DOJ Renews Request for SCOTUS to Stay Social Media Injunction ‘in Its Entirety’
The “intended effect” is “unclear” of the 5th Circuit U.S. Court of Appeals’ surprise order Tuesday rescinding its previous day’s grant of panel rehearing to the Republican attorneys general of Louisiana and Missouri for widening the social-media injunction’s scope against federal officials (see 2309260056), said DOJ. It filed a supplemental memorandum Tuesday (docket 23A243) in support of its emergency application at the U.S. Supreme Court for a full stay of the injunction, pending resolution of SCOTUS review.
The 5th Circuit order also recalled its Sept. 11 mandate, which had cleared the government to apply to SCOTUS for a full stay of the injunction. The order gave the government until noon Thursday, time zone unspecified, to respond to the plaintiffs’ petition for rehearing. The U.S. District Court for the Western Louisiana’s July 4 injunction will remain stayed pending resolution of the AGs’ petition for panel rehearing, said the order.
To the extent that the 5th Circuit order “contemplated further proceedings” culminating in the issuance of a modified opinion and judgment, it didn’t specify “what form those proceedings would take or when a modified judgment would issue,” said the government’s supplemental memorandum. It also didn’t “withdraw its original judgment or reinstate its stay of the injunction in the meantime,” it said.
To the extent the 5th Circuit “instead intended to summarily grant the relief” the GOP AG respondents requested in their rehearing petition, “it neither explained why that relief was warranted nor specified precisely what form the modified injunction would take,” said the government’s supplemental memorandum. “That would be no small issue,” it said. The rehearing petition “sought to extend the injunction to hundreds of thousands of additional government employees associated with two additional groups of defendants,” it said.
If the 5th Circuit’s order purports to extend injunctive relief beyond the scope set forth in its original Sept. 8 decision, “a stay of that additional relief is warranted for the reasons explained” in the government’s Sept. 14 SCOTUS application for an emergency stay, said the government’s memorandum. “Any additional relief would necessarily rest on the same novel and erroneous understanding of the state-action doctrine, and would also suffer from the same Article III and equitable flaws as the portion of the injunction that the court originally affirmed,” it said.
A stay of any expanded injunction “would also be warranted because of the procedural impropriety of substantially expanding the injunction after issuance of the mandate and without giving the government an opportunity to be heard,” said the government’s supplemental memorandum. Such a stay “is encompassed within the relief requested in the government’s stay application,” plus the administrative stay already issued by Justice Samuel Alito, the Supreme Court’s circuit judge for the 5th Circuit, it said.
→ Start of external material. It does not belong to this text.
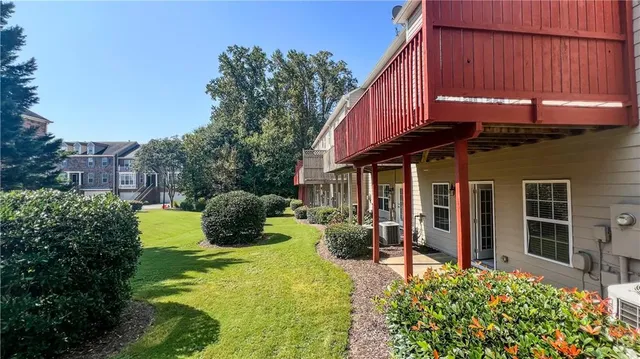 a view of a swimming pool with a lounge chairs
Before Tuesday’s 5th Circuit order, Alito’s stay was to have expired at 11:59 p.m. EDT Wednesday.
In light of the “unreasoned nature” of the 5th Circuit’s order, and the uncertainty about that order’s intended effect, the government won’t “develop at length” its additional arguments explaining why any expansion of the injunction “would be unwarranted and improper,” said the supplemental memorandum. The government is prepared to submit further briefing on those issues if SCOTUS requests it, DOJ said.
The government previously floated the option that SCOTUS could “construe” the government’s stay application as a cert petition and immediately grant cert along with a stay, said the supplemental memorandum. That course remains available, it said.
The 5th Circuit’s “unexplained grant” of panel rehearing doesn’t purport to modify its prior Sept. 8 judgment, said the supplemental memorandum. The 5th Circuit “lacked authority to modify its judgment without recalling its mandate,” and the issues decided in that judgment “continue to warrant” SCOTUS review, it said. Whether or not SCOTUS grants cert immediately, the government submits that the “irregularity of and additional uncertainty caused” by the 5th Circuit’s Tuesday order “provide powerful additional reasons to stay the district court’s preliminary injunction in its entirety,” DOJ said.